═════ Data to process
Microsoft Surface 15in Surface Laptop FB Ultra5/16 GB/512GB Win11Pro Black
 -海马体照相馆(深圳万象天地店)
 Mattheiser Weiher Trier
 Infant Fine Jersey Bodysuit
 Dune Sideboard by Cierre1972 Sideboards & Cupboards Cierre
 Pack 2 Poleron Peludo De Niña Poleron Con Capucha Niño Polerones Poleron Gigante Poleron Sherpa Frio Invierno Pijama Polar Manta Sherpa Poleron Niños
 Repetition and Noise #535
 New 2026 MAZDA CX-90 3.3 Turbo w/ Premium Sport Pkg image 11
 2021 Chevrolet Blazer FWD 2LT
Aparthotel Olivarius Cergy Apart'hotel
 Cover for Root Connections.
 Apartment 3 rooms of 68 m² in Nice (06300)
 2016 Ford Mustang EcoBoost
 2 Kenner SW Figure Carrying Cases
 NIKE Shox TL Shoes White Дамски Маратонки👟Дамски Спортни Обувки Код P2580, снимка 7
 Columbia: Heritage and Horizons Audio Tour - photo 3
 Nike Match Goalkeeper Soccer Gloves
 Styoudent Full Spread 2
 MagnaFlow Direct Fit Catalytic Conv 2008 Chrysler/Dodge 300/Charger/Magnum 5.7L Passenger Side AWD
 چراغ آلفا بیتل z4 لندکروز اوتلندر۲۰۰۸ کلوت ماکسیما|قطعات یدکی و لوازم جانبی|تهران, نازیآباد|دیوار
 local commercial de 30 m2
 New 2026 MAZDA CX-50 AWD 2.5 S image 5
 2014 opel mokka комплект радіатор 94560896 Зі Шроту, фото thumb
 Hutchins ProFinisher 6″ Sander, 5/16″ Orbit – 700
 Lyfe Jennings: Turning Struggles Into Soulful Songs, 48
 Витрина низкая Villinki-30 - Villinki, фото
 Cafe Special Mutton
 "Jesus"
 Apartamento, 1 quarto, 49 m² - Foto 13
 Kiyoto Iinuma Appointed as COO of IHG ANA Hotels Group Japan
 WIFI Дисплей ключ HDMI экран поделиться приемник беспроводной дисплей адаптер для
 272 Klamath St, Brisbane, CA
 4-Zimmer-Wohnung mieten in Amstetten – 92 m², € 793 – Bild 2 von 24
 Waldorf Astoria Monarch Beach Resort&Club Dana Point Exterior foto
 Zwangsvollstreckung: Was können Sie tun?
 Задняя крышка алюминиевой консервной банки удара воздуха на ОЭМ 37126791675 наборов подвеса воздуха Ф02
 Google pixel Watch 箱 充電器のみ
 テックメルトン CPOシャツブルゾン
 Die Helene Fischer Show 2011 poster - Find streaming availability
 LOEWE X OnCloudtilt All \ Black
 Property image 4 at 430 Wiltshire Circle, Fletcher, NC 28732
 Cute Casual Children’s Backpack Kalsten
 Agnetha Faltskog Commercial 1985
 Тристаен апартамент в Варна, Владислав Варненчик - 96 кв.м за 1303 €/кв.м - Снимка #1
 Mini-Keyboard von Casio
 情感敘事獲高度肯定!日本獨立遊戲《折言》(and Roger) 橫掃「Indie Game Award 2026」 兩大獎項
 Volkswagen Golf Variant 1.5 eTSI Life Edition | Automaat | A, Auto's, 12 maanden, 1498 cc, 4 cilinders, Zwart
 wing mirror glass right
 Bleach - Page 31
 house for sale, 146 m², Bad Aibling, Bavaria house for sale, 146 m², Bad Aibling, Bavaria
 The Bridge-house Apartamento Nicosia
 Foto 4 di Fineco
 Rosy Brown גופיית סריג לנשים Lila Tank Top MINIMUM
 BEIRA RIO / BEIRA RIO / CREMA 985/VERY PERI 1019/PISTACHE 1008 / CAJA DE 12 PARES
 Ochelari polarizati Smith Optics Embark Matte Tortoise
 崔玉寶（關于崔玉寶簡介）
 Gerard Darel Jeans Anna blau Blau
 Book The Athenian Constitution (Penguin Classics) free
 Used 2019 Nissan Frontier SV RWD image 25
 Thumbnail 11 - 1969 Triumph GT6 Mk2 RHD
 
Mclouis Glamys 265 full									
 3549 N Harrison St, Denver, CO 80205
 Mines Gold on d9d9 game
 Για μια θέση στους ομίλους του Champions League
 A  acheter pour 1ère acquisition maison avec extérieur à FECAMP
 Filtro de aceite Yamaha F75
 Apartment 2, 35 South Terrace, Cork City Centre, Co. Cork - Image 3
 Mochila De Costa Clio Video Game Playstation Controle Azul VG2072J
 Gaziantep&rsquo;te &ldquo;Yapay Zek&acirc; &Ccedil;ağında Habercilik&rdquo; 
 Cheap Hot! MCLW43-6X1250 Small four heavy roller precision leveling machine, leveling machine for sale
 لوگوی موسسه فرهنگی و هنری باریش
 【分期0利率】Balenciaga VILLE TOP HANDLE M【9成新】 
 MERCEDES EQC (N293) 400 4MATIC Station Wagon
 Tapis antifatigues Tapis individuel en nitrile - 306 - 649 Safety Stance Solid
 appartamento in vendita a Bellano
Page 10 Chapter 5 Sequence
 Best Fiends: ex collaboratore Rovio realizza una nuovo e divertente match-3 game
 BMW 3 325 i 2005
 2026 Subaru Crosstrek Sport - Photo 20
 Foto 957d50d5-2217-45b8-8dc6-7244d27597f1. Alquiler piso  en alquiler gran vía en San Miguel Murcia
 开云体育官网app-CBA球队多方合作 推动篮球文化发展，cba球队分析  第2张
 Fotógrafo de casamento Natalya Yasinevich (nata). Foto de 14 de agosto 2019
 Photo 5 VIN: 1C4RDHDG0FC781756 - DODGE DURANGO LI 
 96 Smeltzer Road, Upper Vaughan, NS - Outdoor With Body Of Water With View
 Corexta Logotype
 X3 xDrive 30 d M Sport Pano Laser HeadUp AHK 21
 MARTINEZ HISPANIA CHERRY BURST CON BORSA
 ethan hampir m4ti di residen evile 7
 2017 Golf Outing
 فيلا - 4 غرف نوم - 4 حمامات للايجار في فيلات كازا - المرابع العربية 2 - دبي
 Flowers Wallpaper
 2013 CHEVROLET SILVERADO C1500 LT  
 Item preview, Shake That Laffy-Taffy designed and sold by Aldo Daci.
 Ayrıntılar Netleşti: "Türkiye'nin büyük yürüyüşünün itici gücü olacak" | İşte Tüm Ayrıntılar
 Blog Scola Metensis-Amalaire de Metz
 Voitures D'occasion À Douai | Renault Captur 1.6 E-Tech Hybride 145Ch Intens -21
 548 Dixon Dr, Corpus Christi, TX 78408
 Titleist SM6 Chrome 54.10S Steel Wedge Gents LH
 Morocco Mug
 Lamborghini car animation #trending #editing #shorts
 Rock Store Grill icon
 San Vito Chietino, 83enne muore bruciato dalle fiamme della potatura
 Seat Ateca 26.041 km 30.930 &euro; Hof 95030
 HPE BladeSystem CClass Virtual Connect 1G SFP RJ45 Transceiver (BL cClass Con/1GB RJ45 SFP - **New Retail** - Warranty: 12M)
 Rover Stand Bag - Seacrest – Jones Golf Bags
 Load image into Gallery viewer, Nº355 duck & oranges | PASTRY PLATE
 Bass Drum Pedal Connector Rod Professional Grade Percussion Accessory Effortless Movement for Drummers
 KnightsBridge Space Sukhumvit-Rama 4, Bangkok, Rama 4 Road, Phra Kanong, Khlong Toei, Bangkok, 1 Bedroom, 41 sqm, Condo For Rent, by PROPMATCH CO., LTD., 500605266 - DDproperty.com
══════════
» Prompt: All the lines above must appear again in the answer, word for word.

» Response:
Microsoft Surface 15in Surface Laptop FB Ultra5/16 GB/512GB Win11Pro Black
 -海马体照相馆(深圳万象天地店)
 Mattheiser Weiher Trier
 Infant Fine Jersey Bodysuit
 Dune Sideboard by Cierre1972 Sideboards & Cupboards Cierre
 Pack 2 Poleron Peludo De Niña Poleron Con Capucha Niño Polerones Poleron Gigante Poleron Sherpa Frio Invierno Pijama Polar Manta Sherpa Poleron Niños
 Repetition and Noise #535
 New 2026 MAZDA CX-90 3.3 Turbo w/ Premium Sport Pkg image 11
 2021 Chevrolet Blazer FWD 2LT
Aparthotel Olivarius Cergy Apart'hotel
 Cover for Root Connections.
 Apartment 3 rooms of 68 m² in Nice (06300)
 2016 Ford Mustang EcoBoost
 2 Kenner SW Figure Carrying Cases
 NIKE Shox TL Shoes White Дамски Маратонки👟Дамски Спортни Обувки Код P2580, снимка 7
 Columbia: Heritage and Horizons Audio Tour - photo 3
 Nike Match Goalkeeper Soccer Gloves
 Styoudent Full Spread 2
 MagnaFlow Direct Fit Catalytic Conv 2008 Chrysler/Dodge 300/Charger/Magnum 5.7L Passenger Side AWD
 چراغ آلفا بیتل z4 لندکروز اوتلندر۲۰۰۸ کلوت ماکسیما|قطعات یدکی و لوازم جانبی|تهران, نازیآباد|دیوار
 local commercial de 30 m2
 New 2026 MAZDA CX-50 AWD 2.5 S image 5
 2014 opel mokka комплект радіатор 94560896 Зі Шроту, фото thumb
 Hutchins ProFinisher 6″ Sander, 5/16″ Orbit – 700
 Lyfe Jennings: Turning Struggles Into Soulful Songs, 48
 Витрина низкая Villinki-30 - Villinki, фото
 Cafe Special Mutton
 "Jesus"
 Apartamento, 1 quarto, 49 m² - Foto 13
 Kiyoto Iinuma Appointed as COO of IHG ANA Hotels Group Japan
 WIFI Дисплей ключ HDMI экран поделиться приемник беспроводной дисплей адаптер для
 272 Klamath St, Brisbane, CA
 4-Zimmer-Wohnung mieten in Amstetten – 92 m², € 793 – Bild 2 von 24
 Waldorf Astoria Monarch Beach Resort&Club Dana Point Exterior foto
 Zwangsvollstreckung: Was können Sie tun?
 Задняя крышка алюминиевой консервной банки удара воздуха на ОЭМ 37126791675 наборов подвеса воздуха Ф02
 Google pixel Watch 箱 充電器のみ
 テックメルトン CPOシャツブルゾン
 Die Helene Fischer Show 2011 poster - Find streaming availability
 LOEWE X OnCloudtilt All \ Black
 Property image 4 at 430 Wiltshire Circle, Fletcher, NC 28732
 Cute Casual Children’s Backpack Kalsten
 Agnetha Faltskog Commercial 1985
 Тристаен апартамент в Варна, Владислав Варненчик - 96 кв.м за 1303 €/кв.м - Снимка #1
 Mini-Keyboard von Casio
 情感敘事獲高度肯定!日本獨立遊戲《折言》(and Roger) 橫掃「Indie Game Award 2026」 兩大獎項
 Volkswagen Golf Variant 1.5 eTSI Life Edition | Automaat | A, Auto's, 12 maanden, 1498 cc, 4 cilinders, Zwart
 wing mirror glass right
 Bleach - Page 31
 house for sale, 146 m², Bad Aibling, Bavaria house for sale, 146 m², Bad Aibling, Bavaria
 The Bridge-house Apartamento Nicosia
 Foto 4 di Fineco
 Rosy Brown גופיית סריג לנשים Lila Tank Top MINIMUM
 BEIRA RIO / BEIRA RIO / CREMA 985/VERY PERI 1019/PISTACHE 1008 / CAJA DE 12 PARES
 Ochelari polarizati Smith Optics Embark Matte Tortoise
 崔玉寶（關于崔玉寶簡介）
 Gerard Darel Jeans Anna blau Blau
 Book The Athenian Constitution (Penguin Classics) free
 Used 2019 Nissan Frontier SV RWD image 25
 Thumbnail 11 - 1969 Triumph GT6 Mk2 RHD
 
Mclouis Glamys 265 full									
 3549 N Harrison St, Denver, CO 80205
 Mines Gold on d9d9 game
 Για μια θέση στους ομίλους του Champions League
 A  acheter pour 1ère acquisition maison avec extérieur à FECAMP
 Filtro de aceite Yamaha F75
 Apartment 2, 35 South Terrace, Cork City Centre, Co. Cork - Image 3
 Mochila De Costa Clio Video Game Playstation Controle Azul VG2072J
 Gaziantep&rsquo;te &ldquo;Yapay Zek&acirc; &Ccedil;ağında Habercilik&rdquo; 
 Cheap Hot! MCLW43-6X1250 Small four heavy roller precision leveling machine, leveling machine for sale
 لوگوی موسسه فرهنگی و هنری باریش
 【分期0利率】Balenciaga VILLE TOP HANDLE M【9成新】 
 MERCEDES EQC (N293) 400 4MATIC Station Wagon
 Tapis antifatigues Tapis individuel en nitrile - 306 - 649 Safety Stance Solid
 appartamento in vendita a Bellano
Page 10 Chapter 5 Sequence
 Best Fiends: ex collaboratore Rovio realizza una nuovo e divertente match-3 game
 BMW 3 325 i 2005
 2026 Subaru Crosstrek Sport - Photo 20
 Foto 957d50d5-2217-45b8-8dc6-7244d27597f1. Alquiler piso  en alquiler gran vía en San Miguel Murcia
 开云体育官网app-CBA球队多方合作 推动篮球文化发展，cba球队分析  第2张
 Fotógrafo de casamento Natalya Yasinevich (nata). Foto de 14 de agosto 2019
 Photo 5 VIN: 1C4RDHDG0FC781756 - DODGE DURANGO LI 
 96 Smeltzer Road, Upper Vaughan, NS - Outdoor With Body Of Water With View
 Corexta Logotype
 X3 xDrive 30 d M Sport Pano Laser HeadUp AHK 21
 MARTINEZ HISPANIA CHERRY BURST CON BORSA
 ethan hampir m4ti di residen evile 7
 2017 Golf Outing
 فيلا - 4 غرف نوم - 4 حمامات للايجار في فيلات كازا - المرابع العربية 2 - دبي
 Flowers Wallpaper
 2013 CHEVROLET SILVERADO C1500 LT  
 Item preview, Shake That Laffy-Taffy designed and sold by Aldo Daci.
 Ayrıntılar Netleşti: "Türkiye'nin büyük yürüyüşünün itici gücü olacak" | İşte Tüm Ayrıntılar
 Blog Scola Metensis-Amalaire de Metz
 Voitures D'occasion À Douai | Renault Captur 1.6 E-Tech Hybride 145Ch Intens -21
 548 Dixon Dr, Corpus Christi, TX 78408
 Titleist SM6 Chrome 54.10S Steel Wedge Gents LH
 Morocco Mug
 Lamborghini car animation #trending #editing #shorts
 Rock Store Grill icon
 San Vito Chietino, 83enne muore bruciato dalle fiamme della potatura
 Seat Ateca 26.041 km 30.930 &euro; Hof 95030
 HPE BladeSystem CClass Virtual Connect 1G SFP RJ45 Transceiver (BL cClass Con/1GB RJ45 SFP - **New Retail** - Warranty: 12M)
 Rover Stand Bag - Seacrest – Jones Golf Bags
 Load image into Gallery viewer, Nº355 duck & oranges | PASTRY PLATE
 Bass Drum Pedal Connector Rod Professional Grade Percussion Accessory Effortless Movement for Drummers
 KnightsBridge Space Sukhumvit-Rama 4, Bangkok, Rama 4 Road, Phra Kanong, Khlong Toei, Bangkok, 1 Bedroom, 41 sqm, Condo For Rent, by PROPMATCH CO., LTD., 500605266 - DDproperty.com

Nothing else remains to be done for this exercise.